Skip to content
Willie Wheeler edited this page Jun 22, 2018 · 15 revisions

Why are there only three anomaly categories (normal, weak anomaly, strong anomaly)? Isn't that limiting?

Most if not all anomaly detection algorithms work by assigning anomaly scores to data points in some algorithm-specific way. In many cases these scores are continuous, and so it may seem that discretizing this into three categories is limiting.

This isn't necessarily the case, though. The first thing to keep in mind is that anomaly detection passes the anomaly score along to downstream processes, so anybody who cares about the actual score has access to that.

The other thing to keep in mind is the main point of having the classification in the first place: we're trying to provide a hint to the anomaly validation process. And there seem to be three logical possibilities, corresponding to the three categories:

  • we're pretty sure it's not an anomaly (normal),
  • we're pretty sure that it is an anomaly (strong), and
  • we're not sure whether it's an anomaly (weak).

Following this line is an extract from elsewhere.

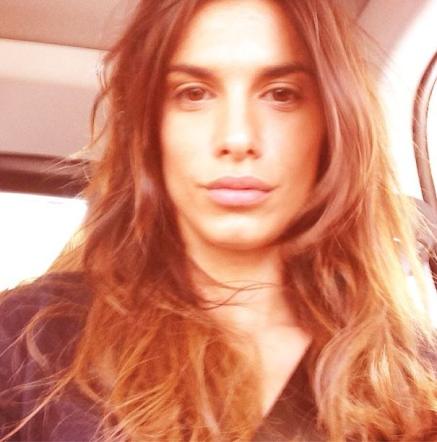 Elisabetta Canalis si spoglia perchè ha la febbre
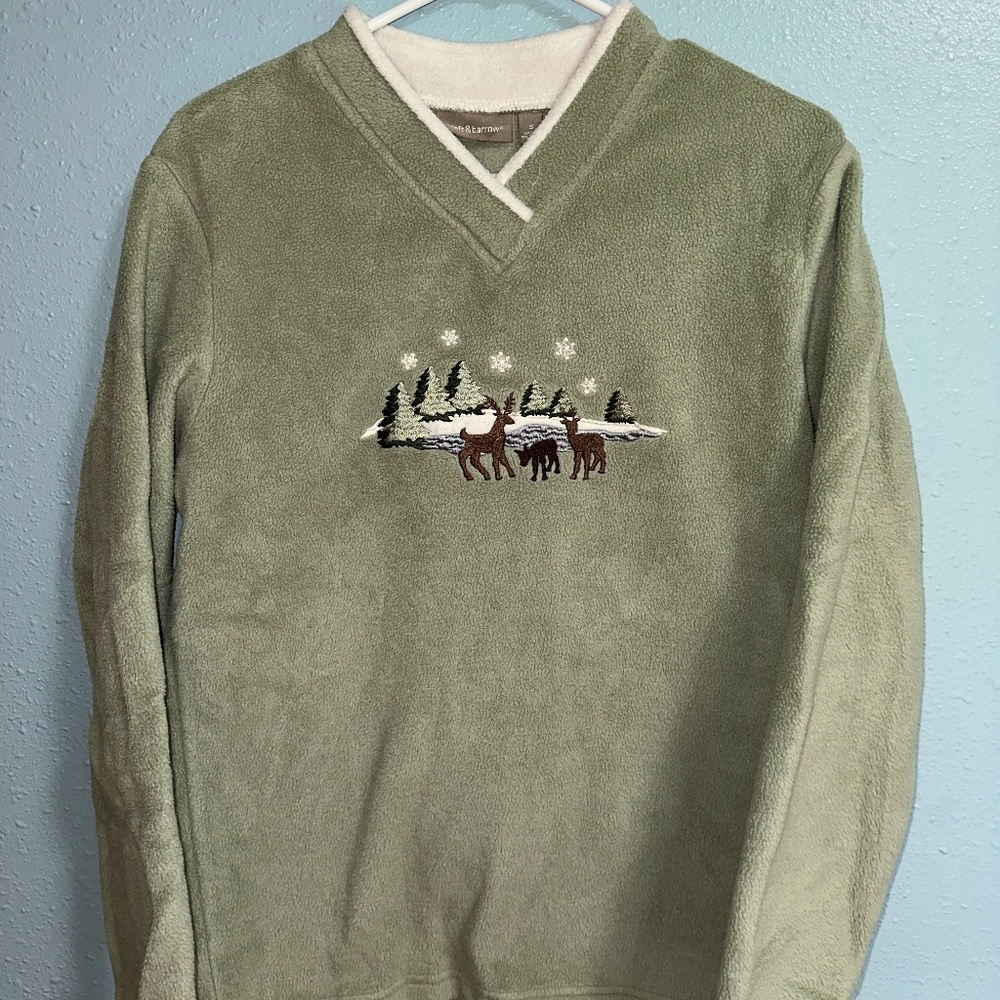 Womens Croft And Barrow Green Deer Winter V Neck Fleece Pullover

The classification drives validator behavior. If we're confident that the data point isn't an anomaly, there's no point in processing it further. If we're confident that it is an anomaly, then we're going to fire off an alert even if the validator can't find any underlying cause. And if we don't know whether it's an anomaly, then the validator is going to investigate a bit further so we can decide whether to generate an alert.

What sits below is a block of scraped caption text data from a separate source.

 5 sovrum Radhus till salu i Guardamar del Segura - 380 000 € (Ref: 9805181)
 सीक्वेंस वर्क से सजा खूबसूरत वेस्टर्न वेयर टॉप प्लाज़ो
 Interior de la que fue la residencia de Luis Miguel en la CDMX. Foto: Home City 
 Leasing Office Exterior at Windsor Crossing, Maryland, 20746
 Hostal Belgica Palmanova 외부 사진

Ideally, anomaly scores would reduce to continuous probabilities, and we could decide to fire alerts based on crossing some probability threshold. In practice though, most anomaly scores aren't probabilities and don't directly reduce to probabilities. And the validator needs to decide what to do either way. The classification helps with that.


Some of the time series models use machine learning, but the anomaly classifier just uses manually-specified rules (e.g., anomaly if too many sigmas away from the mean). Can't we use machine learning to train the classifier too? Can we somehow incorporate user feedback about classifications in that training?

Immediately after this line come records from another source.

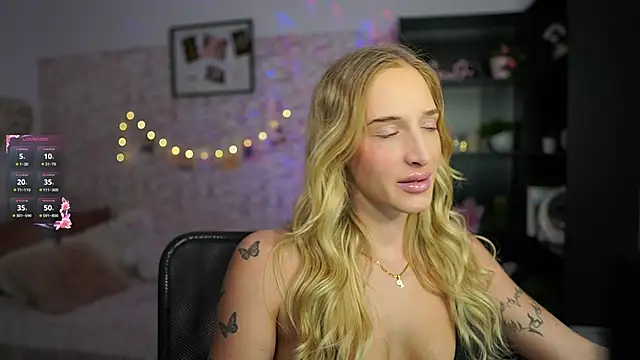 Nicolette  Shea  online show from February 19, 2025, 2:01 pm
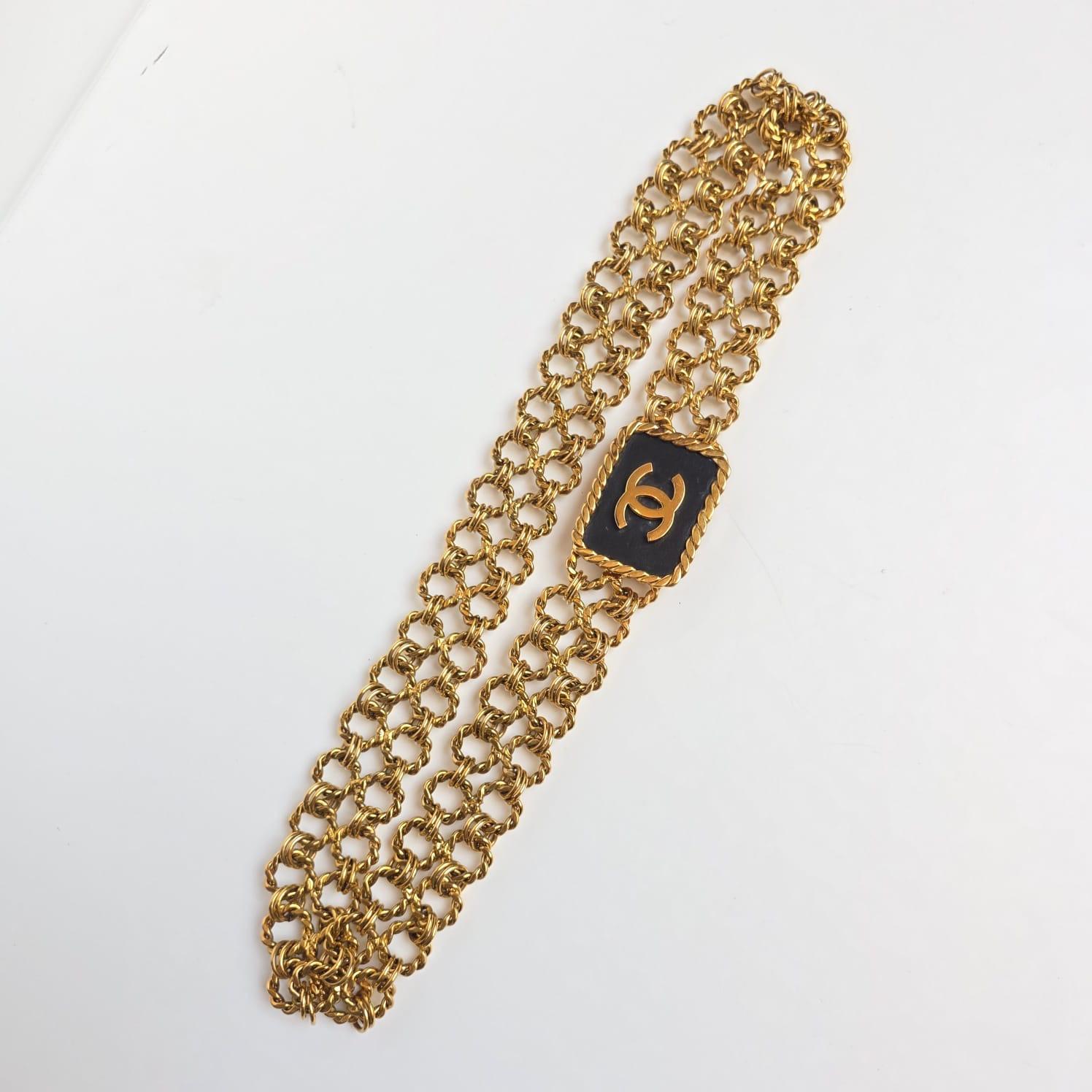 Vintage Chanel Gold CC Double Layered Chain Belt For Sale 2
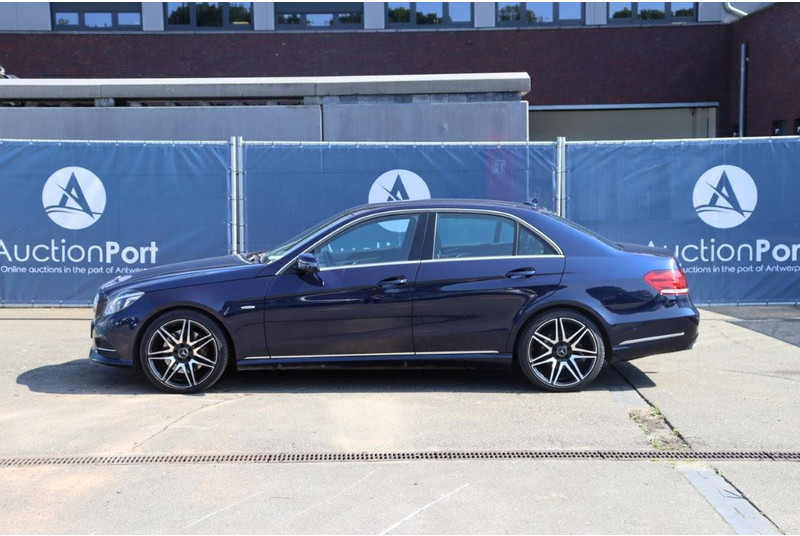 Mercedes-Benz E-Klasse Avantgarde - Limuzina: slika 2 Mercedes-Benz E-Klasse Avantgarde - Limuzina: slika 2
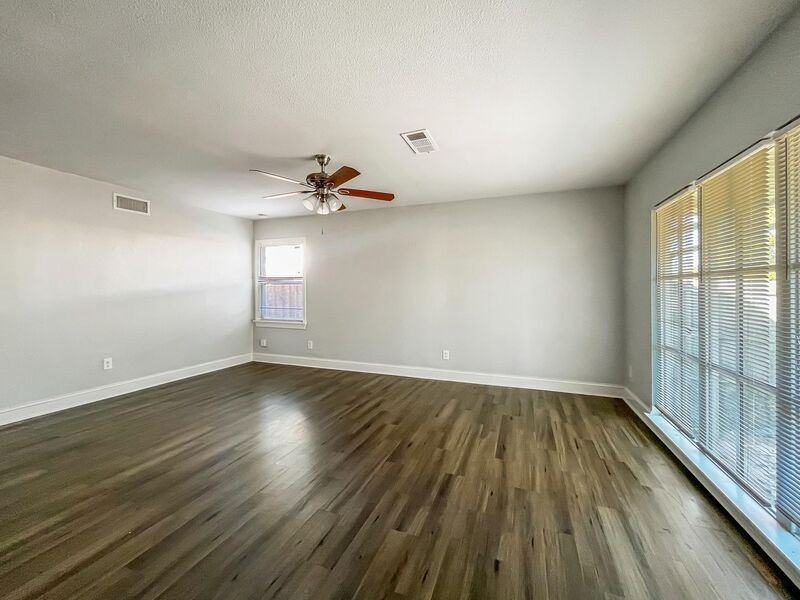 7116 Brierfield Drive - Photo 6 of 28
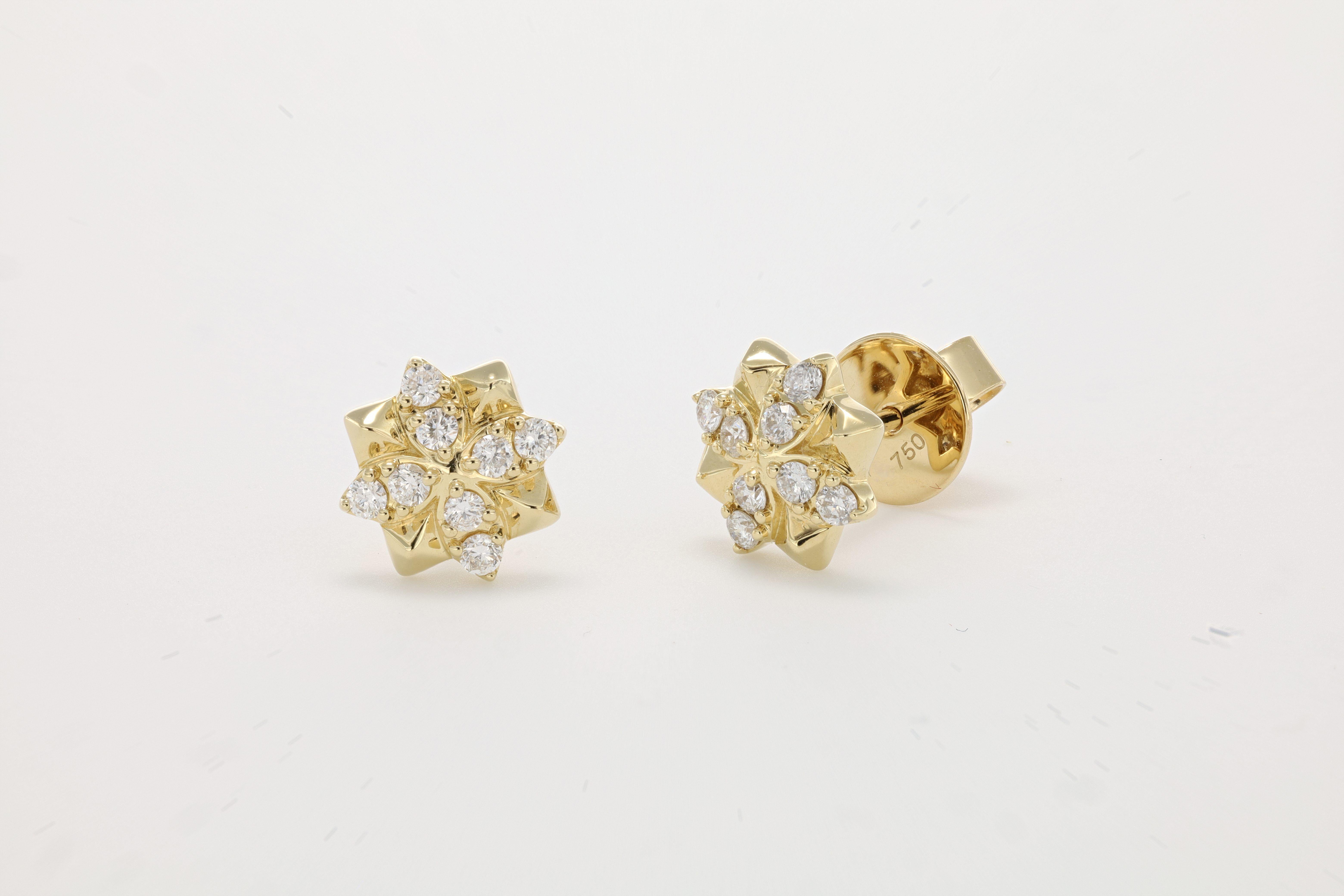 Ornez vos oreilles de l'élégance intemporelle de ces exquises **Boucles d'oreilles florales**, une harmonie parfaite entre la beauté de la nature et le luxe raffiné. Réalisés en **or jaune 18KT**, ces clous d'oreilles rayonnants présentent un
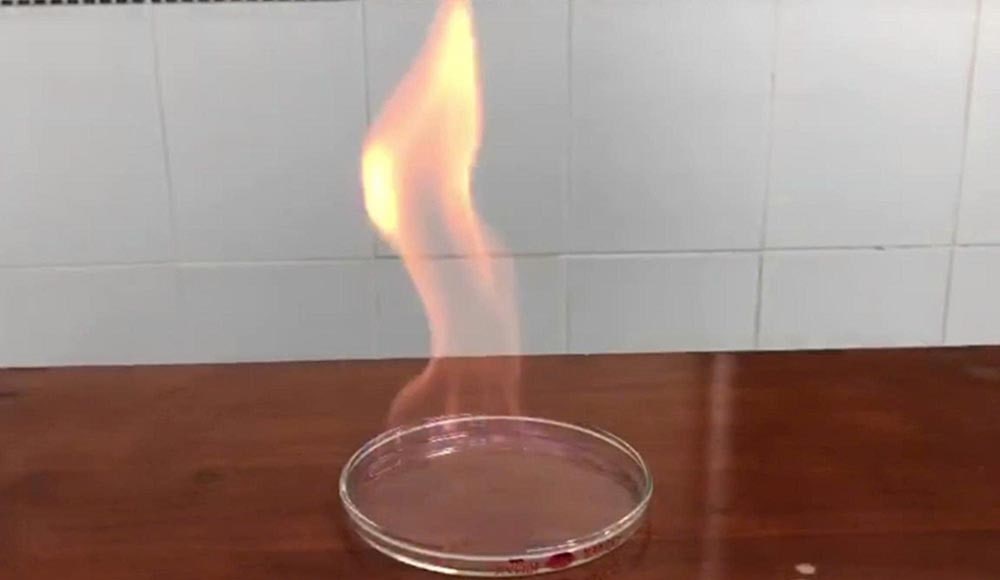 ethanol là chất dễ cháy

We would very much like to do this. One challenge we need to address is that the labels for classifier training mostly don't exist. There might be algorithms we can use that can take advantage of partially-labeled data. See for example this paper. But something simple we can likely do is auto-adjust alerting sensitivity in response to user feedback.


Why is the Aquila anomaly detector in a separate repo, when the other detectors are in the Adaptive Alerting repo?

The AA repo contains well-known algorithms and models, and intentionally avoids experimental approaches since experimentation involves a level of churn incompatible with having a stable core library. Aquila falls under the "experimental" category and hence has its own repo.